The expected cases at the *J*-the facility in years *j*, were calculated by summing over all pixels the product of the latent incident surface with the watershed model; namely,

$$\begin{aligned} \mathrm {expected\cases}_{j,y} = \sum _i I_{i,y} \times \text {TS}_i \times \text {population}_i \times \bar {p}(\text {pixel}_i \right arrow \text {hf}_j). \end{aligned}$$

To allow for over-dispersion relative to the nominal Poisson sampling distribution for case data, the annual case totals observed at each facility were taken from a negative binomial distribution, parameterized as

$$\begin{aligned} \text {cases}_{i,y} \sim \text {NegBinom}\left( \text {mean} = \mathrm {expected\ cases}_{i,y}, \text {variance} = \text {mean}\times (1+\sigma ) \right) \end{aligned}$$

of \(\sigma\) assigned a hyperprior, \(\log \sigma \sim \text {Normal}(-1, 1^2)\).

Model fitting was performed in the Template Model Builder (TMB) and Integrated Nested Laplace Approximation (INLA) packages (32, 33) for R using a Laplace approximation over the random field components and the (logarithm of) the catchment attractiveness weights, with a multivariate Normal approximation of the remaining hyperparameters, centered on the empirical Bayes estimator. The model uncertainty was derived from 300 samples drawn from a posterior Laplace approximation and quantified using the standard deviation of the posterior distribution, as well as the probability of threshold crossing and non-crossing.

Data for the years 2019 to 2021 provided information on the distribution of species *P. falciparum* And *P. vivax* cases for all ages.
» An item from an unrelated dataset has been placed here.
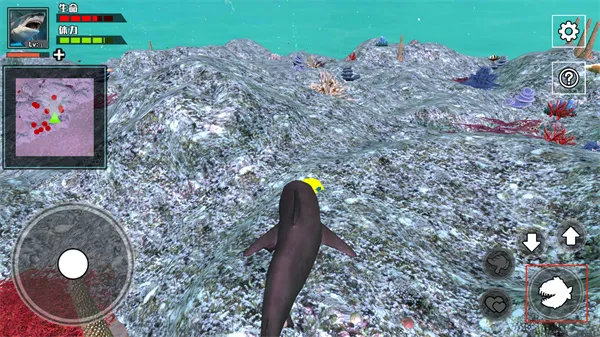 饥饿鲨鱼求生完整版怎么玩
The methodology described above was applied independently to each species, generating incidence maps tailored to the individual species and averaged per year. To investigate overlapping risk profiles, these species-specific incidence maps were overlaid, allowing a comprehensive assessment of risk to both individual species and their collective impact. The model validation results, tables of goodness-of-fit measures, and diagnostic figures are included in the supplementary material. These resources were intended to help readers evaluate the effectiveness of the geospatial model.